**Task statement**: The "2 Bedroom Property" line through the end of the listing below is what to set down, word for word, and nothing else.

**Entries shown**:
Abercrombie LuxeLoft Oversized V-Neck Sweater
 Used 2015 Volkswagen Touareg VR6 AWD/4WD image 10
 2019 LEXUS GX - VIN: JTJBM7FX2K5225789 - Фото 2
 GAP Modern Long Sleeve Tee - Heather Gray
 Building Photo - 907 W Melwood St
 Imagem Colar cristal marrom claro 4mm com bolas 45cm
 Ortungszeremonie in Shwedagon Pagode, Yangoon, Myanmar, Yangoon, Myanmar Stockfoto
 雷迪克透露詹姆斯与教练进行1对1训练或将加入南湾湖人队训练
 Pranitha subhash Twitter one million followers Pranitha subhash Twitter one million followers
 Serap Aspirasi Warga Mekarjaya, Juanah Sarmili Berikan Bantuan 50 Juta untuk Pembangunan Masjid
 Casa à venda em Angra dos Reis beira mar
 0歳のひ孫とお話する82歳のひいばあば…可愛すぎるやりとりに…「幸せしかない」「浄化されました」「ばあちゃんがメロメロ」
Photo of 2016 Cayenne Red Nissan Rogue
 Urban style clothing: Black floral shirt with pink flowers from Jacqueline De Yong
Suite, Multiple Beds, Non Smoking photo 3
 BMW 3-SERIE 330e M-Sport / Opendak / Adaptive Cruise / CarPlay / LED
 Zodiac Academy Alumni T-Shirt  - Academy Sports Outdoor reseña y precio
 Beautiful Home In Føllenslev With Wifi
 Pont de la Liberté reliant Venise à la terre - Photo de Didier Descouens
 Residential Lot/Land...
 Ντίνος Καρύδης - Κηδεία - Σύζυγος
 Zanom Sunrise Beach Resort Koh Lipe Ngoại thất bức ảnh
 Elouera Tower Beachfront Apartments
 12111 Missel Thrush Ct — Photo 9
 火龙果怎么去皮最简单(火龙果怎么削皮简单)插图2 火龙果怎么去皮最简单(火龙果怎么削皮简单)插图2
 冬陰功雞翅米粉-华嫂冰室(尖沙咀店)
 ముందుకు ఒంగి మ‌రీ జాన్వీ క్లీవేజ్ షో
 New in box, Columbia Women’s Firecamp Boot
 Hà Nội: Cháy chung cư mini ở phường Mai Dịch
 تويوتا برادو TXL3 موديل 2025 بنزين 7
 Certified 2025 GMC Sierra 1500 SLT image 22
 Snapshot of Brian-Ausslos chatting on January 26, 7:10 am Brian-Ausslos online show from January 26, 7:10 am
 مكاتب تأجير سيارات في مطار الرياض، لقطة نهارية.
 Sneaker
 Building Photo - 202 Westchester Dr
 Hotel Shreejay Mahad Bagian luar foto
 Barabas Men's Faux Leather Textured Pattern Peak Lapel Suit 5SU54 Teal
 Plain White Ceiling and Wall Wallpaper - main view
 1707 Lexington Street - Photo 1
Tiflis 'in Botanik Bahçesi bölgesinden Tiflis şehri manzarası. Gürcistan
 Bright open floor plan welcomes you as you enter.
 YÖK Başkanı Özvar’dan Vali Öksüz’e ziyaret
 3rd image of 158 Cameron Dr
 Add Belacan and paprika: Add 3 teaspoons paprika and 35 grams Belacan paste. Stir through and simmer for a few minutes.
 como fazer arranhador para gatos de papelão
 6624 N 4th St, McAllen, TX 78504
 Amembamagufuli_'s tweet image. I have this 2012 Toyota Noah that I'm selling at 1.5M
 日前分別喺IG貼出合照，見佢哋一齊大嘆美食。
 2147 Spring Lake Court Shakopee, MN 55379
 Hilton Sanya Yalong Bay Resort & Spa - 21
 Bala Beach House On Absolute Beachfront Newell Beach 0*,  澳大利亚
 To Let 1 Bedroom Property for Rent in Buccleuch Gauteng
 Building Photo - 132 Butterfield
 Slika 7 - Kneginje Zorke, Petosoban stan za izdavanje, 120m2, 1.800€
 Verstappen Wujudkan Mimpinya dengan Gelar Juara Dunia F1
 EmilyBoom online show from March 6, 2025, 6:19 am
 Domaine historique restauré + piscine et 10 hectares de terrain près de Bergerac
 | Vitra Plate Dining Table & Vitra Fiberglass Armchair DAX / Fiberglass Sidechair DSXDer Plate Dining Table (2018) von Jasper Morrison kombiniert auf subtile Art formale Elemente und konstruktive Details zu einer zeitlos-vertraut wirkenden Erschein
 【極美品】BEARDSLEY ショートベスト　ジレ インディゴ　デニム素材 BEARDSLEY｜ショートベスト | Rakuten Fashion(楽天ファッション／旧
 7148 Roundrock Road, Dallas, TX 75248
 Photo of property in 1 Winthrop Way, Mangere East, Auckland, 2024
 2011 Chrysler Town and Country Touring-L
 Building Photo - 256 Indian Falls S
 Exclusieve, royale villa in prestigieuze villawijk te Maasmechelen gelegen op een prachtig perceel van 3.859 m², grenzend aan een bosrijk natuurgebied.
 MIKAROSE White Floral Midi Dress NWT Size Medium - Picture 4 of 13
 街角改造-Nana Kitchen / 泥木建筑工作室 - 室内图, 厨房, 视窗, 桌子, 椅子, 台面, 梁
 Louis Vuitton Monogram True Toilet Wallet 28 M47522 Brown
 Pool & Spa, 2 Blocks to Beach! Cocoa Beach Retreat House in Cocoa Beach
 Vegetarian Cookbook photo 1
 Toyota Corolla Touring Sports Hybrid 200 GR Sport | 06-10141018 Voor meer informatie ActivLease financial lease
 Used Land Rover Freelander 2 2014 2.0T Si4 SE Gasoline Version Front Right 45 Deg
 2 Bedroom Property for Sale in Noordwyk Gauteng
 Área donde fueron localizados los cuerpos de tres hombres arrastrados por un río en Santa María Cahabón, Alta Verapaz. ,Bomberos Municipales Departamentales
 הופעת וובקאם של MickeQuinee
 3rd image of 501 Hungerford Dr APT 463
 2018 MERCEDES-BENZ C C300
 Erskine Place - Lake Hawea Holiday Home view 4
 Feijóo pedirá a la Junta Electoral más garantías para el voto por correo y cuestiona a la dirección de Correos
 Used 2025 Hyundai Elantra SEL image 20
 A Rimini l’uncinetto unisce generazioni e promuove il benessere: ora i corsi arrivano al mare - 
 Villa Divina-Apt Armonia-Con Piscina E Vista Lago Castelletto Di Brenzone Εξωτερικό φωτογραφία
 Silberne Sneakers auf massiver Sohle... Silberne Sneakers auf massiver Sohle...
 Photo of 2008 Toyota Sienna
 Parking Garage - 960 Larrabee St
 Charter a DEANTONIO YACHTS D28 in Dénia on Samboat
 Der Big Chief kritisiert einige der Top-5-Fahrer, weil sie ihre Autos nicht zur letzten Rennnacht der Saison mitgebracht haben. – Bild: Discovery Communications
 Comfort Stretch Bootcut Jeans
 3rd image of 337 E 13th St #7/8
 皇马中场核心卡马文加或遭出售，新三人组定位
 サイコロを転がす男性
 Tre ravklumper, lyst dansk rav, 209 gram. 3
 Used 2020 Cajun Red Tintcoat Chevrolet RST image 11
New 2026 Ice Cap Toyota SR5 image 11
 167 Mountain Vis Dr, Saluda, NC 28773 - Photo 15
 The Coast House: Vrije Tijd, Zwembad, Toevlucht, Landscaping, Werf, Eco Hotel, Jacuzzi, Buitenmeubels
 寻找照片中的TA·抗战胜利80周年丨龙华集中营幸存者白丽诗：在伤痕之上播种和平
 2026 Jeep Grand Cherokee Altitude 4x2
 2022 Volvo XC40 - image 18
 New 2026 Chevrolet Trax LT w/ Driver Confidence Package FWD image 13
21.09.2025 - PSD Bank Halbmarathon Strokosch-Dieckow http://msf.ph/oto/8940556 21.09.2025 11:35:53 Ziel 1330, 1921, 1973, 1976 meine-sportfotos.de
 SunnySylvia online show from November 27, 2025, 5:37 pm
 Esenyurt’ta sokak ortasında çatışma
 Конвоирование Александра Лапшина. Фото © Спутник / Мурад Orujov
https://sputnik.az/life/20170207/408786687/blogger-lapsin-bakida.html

**Answer box**:
 2 Bedroom Property for Sale in Noordwyk Gauteng
 Área donde fueron localizados los cuerpos de tres hombres arrastrados por un río en Santa María Cahabón, Alta Verapaz. ,Bomberos Municipales Departamentales
 הופעת וובקאם של MickeQuinee
 3rd image of 501 Hungerford Dr APT 463
 2018 MERCEDES-BENZ C C300
 Erskine Place - Lake Hawea Holiday Home view 4
 Feijóo pedirá a la Junta Electoral más garantías para el voto por correo y cuestiona a la dirección de Correos
 Used 2025 Hyundai Elantra SEL image 20
 A Rimini l’uncinetto unisce generazioni e promuove il benessere: ora i corsi arrivano al mare - 
 Villa Divina-Apt Armonia-Con Piscina E Vista Lago Castelletto Di Brenzone Εξωτερικό φωτογραφία
 Silberne Sneakers auf massiver Sohle... Silberne Sneakers auf massiver Sohle...
 Photo of 2008 Toyota Sienna
 Parking Garage - 960 Larrabee St
 Charter a DEANTONIO YACHTS D28 in Dénia on Samboat
 Der Big Chief kritisiert einige der Top-5-Fahrer, weil sie ihre Autos nicht zur letzten Rennnacht der Saison mitgebracht haben. – Bild: Discovery Communications
 Comfort Stretch Bootcut Jeans
 3rd image of 337 E 13th St #7/8
 皇马中场核心卡马文加或遭出售，新三人组定位
 サイコロを転がす男性
 Tre ravklumper, lyst dansk rav, 209 gram. 3
 Used 2020 Cajun Red Tintcoat Chevrolet RST image 11
New 2026 Ice Cap Toyota SR5 image 11
 167 Mountain Vis Dr, Saluda, NC 28773 - Photo 15
 The Coast House: Vrije Tijd, Zwembad, Toevlucht, Landscaping, Werf, Eco Hotel, Jacuzzi, Buitenmeubels
 寻找照片中的TA·抗战胜利80周年丨龙华集中营幸存者白丽诗：在伤痕之上播种和平
 2026 Jeep Grand Cherokee Altitude 4x2
 2022 Volvo XC40 - image 18
 New 2026 Chevrolet Trax LT w/ Driver Confidence Package FWD image 13
21.09.2025 - PSD Bank Halbmarathon Strokosch-Dieckow http://msf.ph/oto/8940556 21.09.2025 11:35:53 Ziel 1330, 1921, 1973, 1976 meine-sportfotos.de
 SunnySylvia online show from November 27, 2025, 5:37 pm
 Esenyurt’ta sokak ortasında çatışma
 Конвоирование Александра Лапшина. Фото © Спутник / Мурад Orujov
https://sputnik.az/life/20170207/408786687/blogger-lapsin-bakida.html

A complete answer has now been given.